Paxson Communications Corp. CEO Lowell Paxson is considering asking the Federal Communications Commission for new regulatory flexibility for digital-TV-spectrum licensees.
Paxson is weighing his digital-TV options after he failed to convince the FCC to mandate multicast must-carry, a requirement that cable systems carry every digital-programming service that each digital-TV station transmits to the public in the local market.
Paxson disclosed Friday that he might ask the FCC for a rule change that would permit TV stations to transmit in modulations other than 8-VSB (vestigial sideband), which is the FCC-approved digital-TV-transmission standard compatible with digital-TV receivers.
Modulation flexibility, Paxson said, would allow TV stations to utilize excess digital spectrum to provide non-broadcast-video services. He declined to identify particular services, but datacasting to mobile devices is a likely candidate.
"It's under consideration at the present time. We've had it under study for about two weeks," Paxson said.
A few weeks ago, Philip Lombardo, CEO of Citadel Broadcasting Corp. and the National Association of Broadcasters' joint board chairman, indicated that TV stations might consider wireless-phone service if the FCC rejected multicast must-carry.
"I can't speak for the NAB," Paxson said. "I don't know the position of NAB."
Since last 2003, U.S. Digital Television Inc. has been using digital-TV spectrum to provide a low-cost pay TV service in Las Vegas, Salt Lake City and Albuquerque, N.M., so far attracting 10,000 subscribers.
The company charges $19.95 per month to receive all local TV stations, including HDTV services and a smattering of cable networks, such as ESPN and Fox News Channel.

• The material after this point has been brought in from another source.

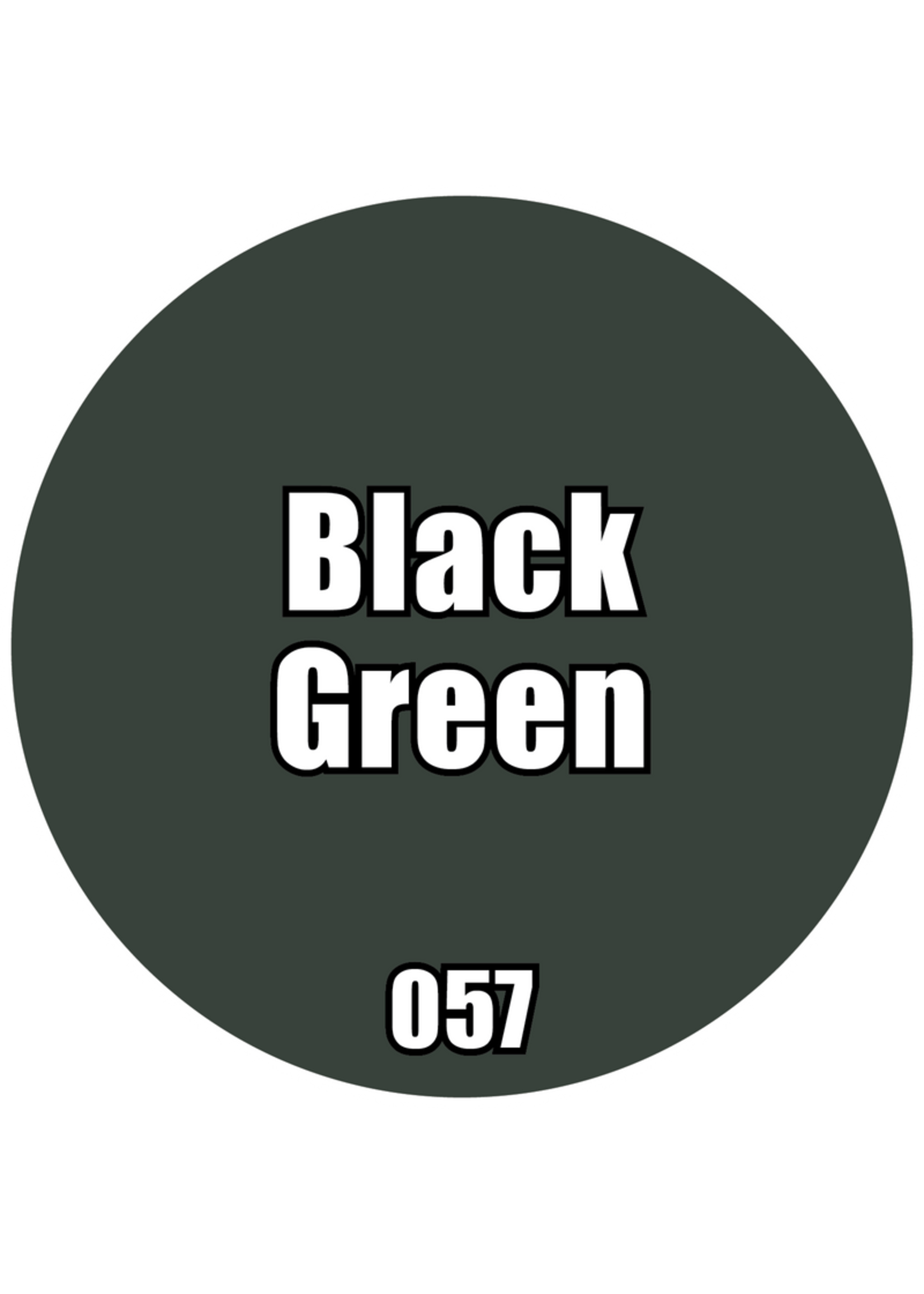 Monument Hobbies Pro Acryl: Black Green (22ml)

USDTV CEO Steve Lindsley said the company is "within 30 days of closing on a major round from what we think are the leading broadcast groups in the United States, who are going to fund USDTV and take controlling ownership in the company."
Paxson said he wasn't planning on joining USDTV. "The economics don't support it," he added.
Paxson wanted multicast must-carry from the FCC, claiming that access to cable's mass audience was the only way multiple services could survive. He declined to comment when asked if he would try to get the courts to reverse the commission's ruling.